Hamrén followed the Under-21s from up close in the Czech Republic, witnessing the never-say-die attitude at first hand. It is a rare quality that he will hope to harness and inject into his own side. With Sweden in a promising position in the race for a place at UEFA EURO 2016, the upcoming qualifiers are a good time to start.
The transition has already begun. Eleven of Håkan Ericson's men have already featured for the seniors, albeit for the most part during winter tours to warmer latitudes when only those playing in Scandinavia are considered. Only Isaac Kiese Thelin and Alexander Milošević have encountered the pressure of competitive qualifiers; and both have stood up to the challenge.
After a nightmare start to the tournament – conceding a penalty and earning a red card in the opener against Italy – Milošević quietly clenched his fists and returned to the team, anchoring the defence manfully.

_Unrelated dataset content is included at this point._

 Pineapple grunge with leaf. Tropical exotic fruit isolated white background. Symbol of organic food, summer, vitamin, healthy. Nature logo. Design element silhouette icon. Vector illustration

He also scrambled to help set up Simon Tibbling for the equaliser against Portugal in the group stage, the goal that sent Sweden through to the semis.
Thelin was troubled by an aching heel but he never let it show on the pitch. In him, Sweden have a player capable of finishing as well as winning aerial duels and holding the ball up, allowing his team-mates to get up in support. These are qualities that have been rare for Sweden since the days of Kennet Andersson in the 1990s.
Which of their trophy-winning colleagues are likely to receive senior call-ups this autumn? Ludwig Augustinsson looks determined to throw down a serious challenge for the left-back position, especially with Hamrén's first choice Martin Olsson hampered by injuries. Expect Augustinsson to be ready should Hamrén call.
The Oscars, Lewicki and Hiljemark, at the heart of midfield have been a tireless engine-room duo in the Czech Republic. After Anders Svensson's international retirement and Rasmus Elm's abdominal problems, the senior side would welcome players like the Oscars: smart, energetic and gifted on the ball.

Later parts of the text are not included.